My beloved brothers and sisters in the Incarnate Lord,
Christ is in our midst! He was, is, and ever shall be.
It is necessary, from time to time, to remind everyone in our parish of the authentic practice and etiquette of our Holy Orthodox Church. Our American society in the late 20th century is rather casual in its approach to life in general. We must not allow this prevailing attitude to enter into our holy Orthodox Christian piety and behavior. Much of church etiquette is based on common sense and showing always reverence and respect for the Almighty God and our fellow Christians. Always remember that you are in church to worship God, the Holy Trinity. The Priest says, "With the fear of God and faith and love draw near." Let this be the way everyone approaches all of the divine services of the Church.

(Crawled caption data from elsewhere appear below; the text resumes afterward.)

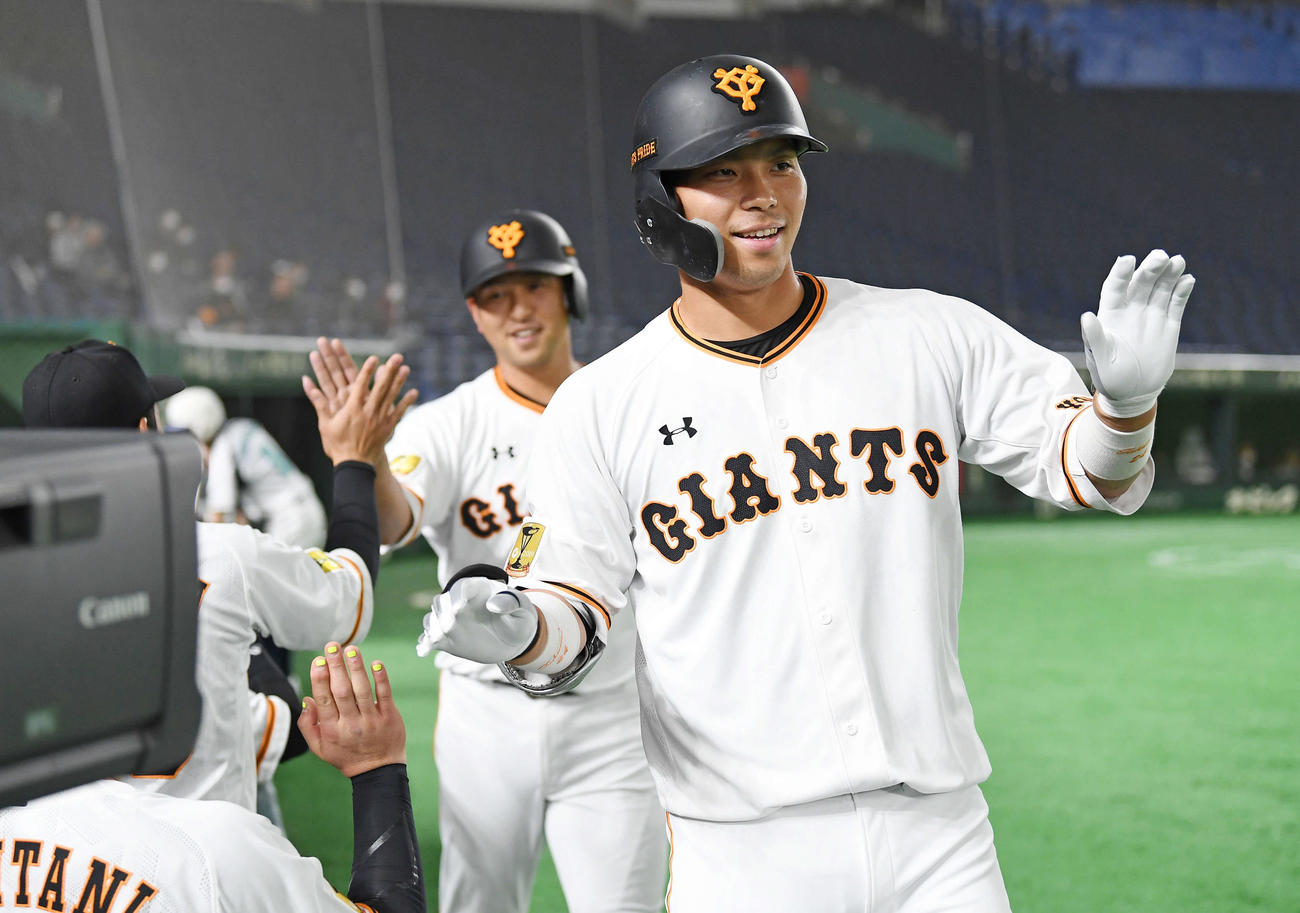 大城は右越えの2点本塁打を放ち、ベンチでナインに迎えられる。後方は走者中島（撮影・加藤諒）
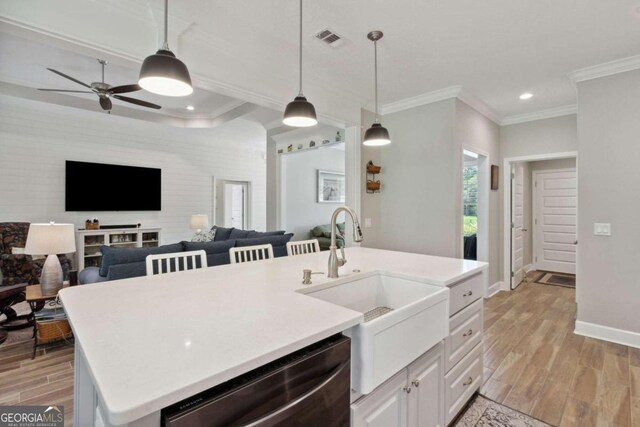 kitchen with dishwasher, light hardwood / wood-style floors, a kitchen island with sink, and pendant lighting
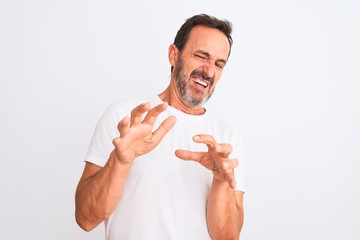 Middle age handsome man wearing casual t-shirt standing over isolated white background disgusted...
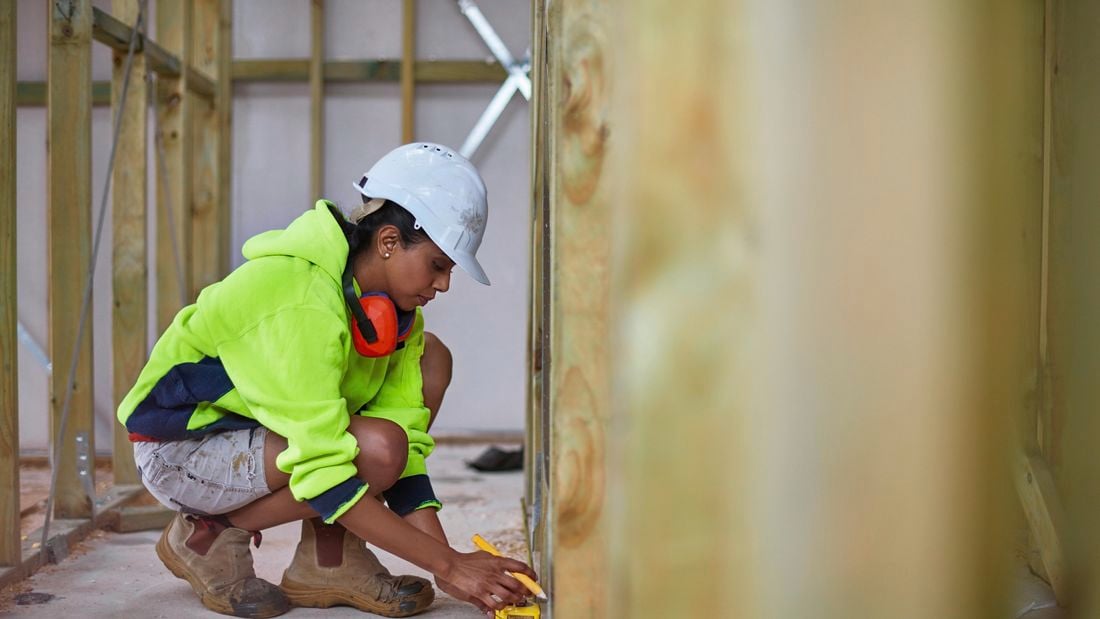 A construction worker measuring the base of a wooden frame with a tape measure on a building site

Every man, women and child attending the divine services must always be dressed appropriately. Men and women should be dressed modestly. For centuries, Orthodox men and women knew that there is a dress code for the Orthodox Christian attending any of the holy services. Our holy Orthodox Christian tradition calls for men either to wear suits or at least shirts with collars and be buttoned almost to the collar with nice slacks. Women should wear dresses but not short skirts (mini-skirts), and no skin-tight dresses. [Women should not wear pants to church according to our Church tradition.]
Leaving the Divine Liturgy before the Dismissal--beside being disrespectful and rude--deprives one of a blessing. Worship has a beginning ("Blessed is the Kingdom..") and an end ("Let us depart in peace...") To leave immediately after receiving Holy Communion is to treat church like a fast food restaurant where we come and go as we please. We do not rush to the fellowship hall, to be the first to drink coffee, as though we are going to die, if we don't have it immediately. Coffee, pastries and other refreshments are not allowed to be given out until after the antidoron (blessed bread) is offered by the Priest at the conclusion of the service. The church is not Starbucks!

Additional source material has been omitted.